This is the code that adds the new domain:
If IsNewDomain Then
Dim iNewDomainID As Integer = 0
Dim objNewDomain As New Venexus.BusinessObjects.VenexusDomain
objNewDomain.AddNew()
objNewDomain.DomainName = GetDomainName(sURL)
objNewDomain.LastRequest = Now()
If IsGlobalCrawler() = False Then
Dim objSeamus As New VenexusSeamusCollection
objSeamus.Query.Where(objSeamus.Query.Url.Equal(sURL))
If objSeamus.Query.Load Then
objNewDomain.IsApproved = True
Else
objNewDomain.IsApproved = False
End If
Else
objNewDomain.IsApproved = True
End If
objNewDomain.Save()
iNewDomainID = CType(objNewDomain.DomainID, Integer)
iDomainID = iNewDomainID
End If
Dim objNewRobots As New Venexus.BusinessObjects.VenexusRobots
objNewRobots.AddNew()
objNewRobots.DomainID = iDomainID
objNewRobots.LastUpdate = Now()
objNewRobots.RobotsText = sRobots
objNewRobots.Save()
If it is NOT a GloablCrawler, it checks to see if a feed exist. If it does exist, it marks it approved. If it does not, it marks in not approved.

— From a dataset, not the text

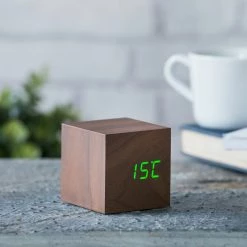 Gingko Walnut Green LED Cube Click Clock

If it is GlobalCrawler, then it is automatically approved, always. However, the robots.txt file is also checked. If the robots.txt disallows it to be crawled, it will automatically change it to NOT approved. Maybe your cases have a robots.txt file for the domain that disallows it to be crawled?
|